Repeat verbatim, and only, the lines of the data below, beginning at the line that contains "1st image of 226 N Clinton St" and stopping after the line that contains "Нардеп от партии".

******************************

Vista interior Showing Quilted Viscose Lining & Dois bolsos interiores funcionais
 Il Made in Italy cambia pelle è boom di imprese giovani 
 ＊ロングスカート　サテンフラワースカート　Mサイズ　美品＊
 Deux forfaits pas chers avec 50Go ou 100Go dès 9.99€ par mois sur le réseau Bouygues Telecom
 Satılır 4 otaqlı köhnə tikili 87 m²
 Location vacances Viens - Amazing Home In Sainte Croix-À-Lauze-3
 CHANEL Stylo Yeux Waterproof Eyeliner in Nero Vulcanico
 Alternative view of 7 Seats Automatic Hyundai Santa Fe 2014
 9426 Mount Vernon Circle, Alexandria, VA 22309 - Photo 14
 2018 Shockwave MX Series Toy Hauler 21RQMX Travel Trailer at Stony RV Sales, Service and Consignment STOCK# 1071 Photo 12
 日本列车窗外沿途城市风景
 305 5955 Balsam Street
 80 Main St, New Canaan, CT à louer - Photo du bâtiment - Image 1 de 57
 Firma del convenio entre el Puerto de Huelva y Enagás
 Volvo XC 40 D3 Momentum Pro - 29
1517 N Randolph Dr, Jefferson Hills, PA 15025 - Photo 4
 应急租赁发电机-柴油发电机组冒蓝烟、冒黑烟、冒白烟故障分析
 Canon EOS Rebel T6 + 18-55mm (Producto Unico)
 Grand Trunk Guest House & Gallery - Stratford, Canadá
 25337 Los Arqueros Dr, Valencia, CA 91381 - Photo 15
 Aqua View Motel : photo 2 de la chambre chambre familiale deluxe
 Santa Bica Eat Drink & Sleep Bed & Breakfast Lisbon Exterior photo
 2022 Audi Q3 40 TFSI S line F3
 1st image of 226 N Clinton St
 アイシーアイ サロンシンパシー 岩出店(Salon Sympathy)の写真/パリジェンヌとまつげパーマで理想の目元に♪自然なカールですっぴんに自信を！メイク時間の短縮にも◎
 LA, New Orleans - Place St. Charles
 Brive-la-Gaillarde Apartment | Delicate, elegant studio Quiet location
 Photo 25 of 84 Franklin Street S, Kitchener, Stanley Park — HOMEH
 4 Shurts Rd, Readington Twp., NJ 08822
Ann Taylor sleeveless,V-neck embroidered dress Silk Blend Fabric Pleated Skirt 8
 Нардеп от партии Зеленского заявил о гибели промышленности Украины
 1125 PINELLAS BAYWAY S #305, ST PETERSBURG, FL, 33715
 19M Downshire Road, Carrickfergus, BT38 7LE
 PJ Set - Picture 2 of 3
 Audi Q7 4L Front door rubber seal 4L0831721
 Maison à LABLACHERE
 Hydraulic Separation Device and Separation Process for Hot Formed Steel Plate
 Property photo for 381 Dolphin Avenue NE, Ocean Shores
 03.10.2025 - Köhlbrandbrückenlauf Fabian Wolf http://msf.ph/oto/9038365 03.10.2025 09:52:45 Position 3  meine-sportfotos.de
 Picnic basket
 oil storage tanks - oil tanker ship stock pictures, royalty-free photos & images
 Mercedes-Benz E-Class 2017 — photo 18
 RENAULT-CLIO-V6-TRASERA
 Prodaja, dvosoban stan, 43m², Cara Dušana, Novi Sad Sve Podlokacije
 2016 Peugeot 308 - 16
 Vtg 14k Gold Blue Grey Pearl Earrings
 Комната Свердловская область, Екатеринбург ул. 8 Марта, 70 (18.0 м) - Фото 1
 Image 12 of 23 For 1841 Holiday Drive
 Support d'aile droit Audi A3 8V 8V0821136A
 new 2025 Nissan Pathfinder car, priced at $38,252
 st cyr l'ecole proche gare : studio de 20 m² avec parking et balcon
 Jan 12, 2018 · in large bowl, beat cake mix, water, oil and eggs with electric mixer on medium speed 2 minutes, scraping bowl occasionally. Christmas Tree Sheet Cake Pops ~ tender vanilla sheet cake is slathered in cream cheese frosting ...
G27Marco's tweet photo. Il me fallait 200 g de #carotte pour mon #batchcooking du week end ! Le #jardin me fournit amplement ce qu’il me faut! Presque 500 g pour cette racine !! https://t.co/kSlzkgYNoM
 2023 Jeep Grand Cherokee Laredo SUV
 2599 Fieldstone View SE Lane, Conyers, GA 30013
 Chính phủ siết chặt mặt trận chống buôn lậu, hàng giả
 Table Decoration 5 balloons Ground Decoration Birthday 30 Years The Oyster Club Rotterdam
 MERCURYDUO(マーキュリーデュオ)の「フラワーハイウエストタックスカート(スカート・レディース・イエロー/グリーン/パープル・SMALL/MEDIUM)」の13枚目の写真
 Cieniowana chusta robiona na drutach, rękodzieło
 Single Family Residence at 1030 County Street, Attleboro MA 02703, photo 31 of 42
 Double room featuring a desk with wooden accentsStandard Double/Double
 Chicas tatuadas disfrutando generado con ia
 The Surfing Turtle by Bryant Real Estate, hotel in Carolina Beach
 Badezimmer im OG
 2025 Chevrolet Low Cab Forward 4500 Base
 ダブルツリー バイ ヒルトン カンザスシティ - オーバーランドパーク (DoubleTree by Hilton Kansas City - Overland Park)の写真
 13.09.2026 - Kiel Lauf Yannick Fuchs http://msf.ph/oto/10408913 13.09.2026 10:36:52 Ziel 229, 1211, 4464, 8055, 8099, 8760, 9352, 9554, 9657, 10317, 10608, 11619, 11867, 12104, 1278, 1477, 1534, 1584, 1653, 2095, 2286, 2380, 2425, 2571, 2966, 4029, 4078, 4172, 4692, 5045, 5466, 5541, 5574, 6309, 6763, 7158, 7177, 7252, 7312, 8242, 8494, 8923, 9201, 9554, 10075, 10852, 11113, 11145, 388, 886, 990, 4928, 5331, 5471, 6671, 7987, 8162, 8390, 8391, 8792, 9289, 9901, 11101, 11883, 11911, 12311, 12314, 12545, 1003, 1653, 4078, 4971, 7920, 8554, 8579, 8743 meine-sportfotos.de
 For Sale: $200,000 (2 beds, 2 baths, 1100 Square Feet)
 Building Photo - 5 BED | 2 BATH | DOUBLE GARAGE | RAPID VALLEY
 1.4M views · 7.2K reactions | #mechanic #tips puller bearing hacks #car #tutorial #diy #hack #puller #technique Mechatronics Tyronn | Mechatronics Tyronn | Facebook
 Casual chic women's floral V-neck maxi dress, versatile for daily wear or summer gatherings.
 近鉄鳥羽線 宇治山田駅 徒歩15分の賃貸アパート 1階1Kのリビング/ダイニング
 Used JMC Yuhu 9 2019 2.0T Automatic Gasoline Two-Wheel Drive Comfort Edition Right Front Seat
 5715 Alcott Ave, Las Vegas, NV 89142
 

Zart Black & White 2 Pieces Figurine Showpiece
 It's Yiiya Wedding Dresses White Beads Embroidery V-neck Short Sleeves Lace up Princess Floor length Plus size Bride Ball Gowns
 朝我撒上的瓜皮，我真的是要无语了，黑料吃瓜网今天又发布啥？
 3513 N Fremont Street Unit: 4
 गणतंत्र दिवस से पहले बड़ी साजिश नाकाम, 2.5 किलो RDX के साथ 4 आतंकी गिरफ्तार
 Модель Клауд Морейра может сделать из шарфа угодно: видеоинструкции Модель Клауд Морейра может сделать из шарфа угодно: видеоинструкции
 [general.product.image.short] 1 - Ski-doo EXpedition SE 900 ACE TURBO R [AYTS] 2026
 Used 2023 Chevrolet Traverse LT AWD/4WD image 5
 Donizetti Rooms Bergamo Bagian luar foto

******************************

SOLUTION FOR THIS TASK:
 1st image of 226 N Clinton St
 アイシーアイ サロンシンパシー 岩出店(Salon Sympathy)の写真/パリジェンヌとまつげパーマで理想の目元に♪自然なカールですっぴんに自信を！メイク時間の短縮にも◎
 LA, New Orleans - Place St. Charles
 Brive-la-Gaillarde Apartment | Delicate, elegant studio Quiet location
 Photo 25 of 84 Franklin Street S, Kitchener, Stanley Park — HOMEH
 4 Shurts Rd, Readington Twp., NJ 08822
Ann Taylor sleeveless,V-neck embroidered dress Silk Blend Fabric Pleated Skirt 8
 Нардеп от партии Зеленского заявил о гибели промышленности Украины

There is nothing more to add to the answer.